March 30th  / April 1st 1964: A military-led coup d’état overthrows democratically elected president João Goulart in Brazil. Goulart’s proposals, such as land reform and bigger control of the state in the economy, were seen as “communist”, though he was from the labour party.

April 20th 1964: US President Lyndon Johnson in New York, and Soviet Premier Nikita Khrushchev in Moscow, announce simultaneously plans to cut back production of materials for making nuclear weapons.

May 27th 1964: Jawaharlal Nehru dies.

August 4th 1964: US President Lyndon B. Johnson claims that North Vietnamese naval vessels had fired on two American destroyers in the Gulf of Tonkin. Although there was a first attack, it was later proven that American vessels had entered North Vietnamese territory, and the second attack is proved unfounded.
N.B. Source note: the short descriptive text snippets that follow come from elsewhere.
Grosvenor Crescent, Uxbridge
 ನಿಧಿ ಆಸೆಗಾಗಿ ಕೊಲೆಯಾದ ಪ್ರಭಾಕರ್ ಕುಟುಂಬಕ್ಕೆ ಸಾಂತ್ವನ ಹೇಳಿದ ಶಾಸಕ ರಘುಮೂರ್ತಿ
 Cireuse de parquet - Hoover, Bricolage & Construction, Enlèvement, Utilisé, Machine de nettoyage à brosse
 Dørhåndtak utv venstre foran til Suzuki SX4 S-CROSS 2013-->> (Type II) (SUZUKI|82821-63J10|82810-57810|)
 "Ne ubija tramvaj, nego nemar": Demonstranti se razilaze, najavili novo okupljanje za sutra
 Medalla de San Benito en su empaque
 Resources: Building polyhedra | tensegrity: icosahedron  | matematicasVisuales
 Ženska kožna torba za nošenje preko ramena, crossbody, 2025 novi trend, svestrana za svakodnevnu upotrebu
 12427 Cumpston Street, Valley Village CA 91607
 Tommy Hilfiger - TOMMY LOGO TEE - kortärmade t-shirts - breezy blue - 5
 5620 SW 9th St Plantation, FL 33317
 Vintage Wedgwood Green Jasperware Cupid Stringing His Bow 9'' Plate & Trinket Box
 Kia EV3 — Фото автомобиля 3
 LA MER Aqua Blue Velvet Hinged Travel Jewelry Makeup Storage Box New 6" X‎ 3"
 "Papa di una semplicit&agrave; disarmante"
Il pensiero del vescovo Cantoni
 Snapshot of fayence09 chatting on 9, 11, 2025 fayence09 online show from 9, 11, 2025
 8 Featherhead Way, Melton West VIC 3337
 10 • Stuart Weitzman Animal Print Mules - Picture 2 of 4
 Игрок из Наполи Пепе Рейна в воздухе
The Gulf of Tonkin Incident leads to the open involvement of the United States in the Vietnam War, after the Gulf of Tonkin Resolution.

October 14th 1964: Leonid Brezhnev succeeds Khrushchev to become General Secretary of the Communist Party of the Soviet Union
October 16: China tests its first atomic bomb. The test makes China the world’s fifth nuclear power.

1965

March 8th 1965: US military buildup to defend South Vietnam. North Vietnam has also committed its forces in the war. US begins sustained bombing of North Vietnam.

April 28th 1965: US forces invade the Dominican Republic to prevent a communist takeover like the one that occurred in Cuba.

August 15th 1965: Operation Gibraltar launched by Pakistan culminates in the Second Indo-Pakistani War.

September 23rd 1965: The Second Indian-Pakistani War ends in a cease-fire. Pakistan fails in its objective of capturing Kashmir.

September 30th 1965: Six Indonesian generals murdered as part of the 30 September Movement.

November 11th 1965: Rhodesian colonial government under Ian Douglas Smith declares UDI.

November 14th 1965: Battle of Ia Drang, the first major engagement between US Troops and regular Vietnamese forces.

1966

March 10th 1966: France withdraws from NATO command structure.

May 8th 1966: Communist China detonates a third nuclear device.

August 26:th 1966 South African Border War begins.

1967

April 25th 1967: 33 Latin American and Caribbean countries sign the Treaty of Tlatelolco in Mexico City, which seek the prohibition of nuclear weapons in Latin America and the Caribbean.

March 12th 1967: General Suharto successfully overthrows Sukarno as president of Indonesia.

May 23rd 1967: Egypt blocks the Straits of Tiran, then expels UN peacekeepers and moves its army into the Sinai Peninsula in preparation for possible attack on Israel.

May 25th 1967: Uprising in Naxalbari, India marking the expansion of Maoism as a violent, anti-US and anti-Soviet, revolutionary movement across a number of developing countries.

June 5th 1967: In response to Egypt’s aggression, Israel invades the Sinai Peninsula, beginning the Six-Day War.

June 23rd 1967: U.S. President Lyndon B. Johnson meets with Soviet Premier Alexei Kosygin in Glassboro, New Jersey for a three-day summit.

August 8th 1967: Bangkok Declaration is established to quell the communist threat in Southeast Asia.

November 29th 1967: Robert McNamara announces that he will resign as U.S. Secretary of Defense to become President of the World Bank.

1968

January 30th 1968: Tet Offensive in South Vietnam begins.

March 30th 1968: Johnson suspends bombings over North Vietnam and announces he is not running for reelection.

June 8th 1968: Tet Offensive ends; while an American military victory, it raises questions over America’s military chances in Vietnam.

July 1st 1968: The Nuclear Non-Proliferation Treaty (NPT) is opened for signature.

August 20th 1968: Prague Spring Reforms in Communist Czechoslovakia result in Warsaw Pact intervention to crush them.

December 23rd 1968: The captain and crew of the USS Pueblo are released by North Korea.

1969

January 20th 1969: Richard Nixon becomes President of the United States.

March 2nd 1969: Border clashes between the Soviet Union and China.

March 17th 1969: The U.S begins bombing Communist sanctuaries in Cambodia.

July 20th 1969: The U.S. accomplishes the first manned moon landing, Apollo 11. Manned by Neil Armstrong, “Buzz” Aldrin, and Michael Collins.

July 25th 1969: “Vietnamization” begins with U.S. troop withdrawals from Vietnam and the burden of combat being placed on the South Vietnamese.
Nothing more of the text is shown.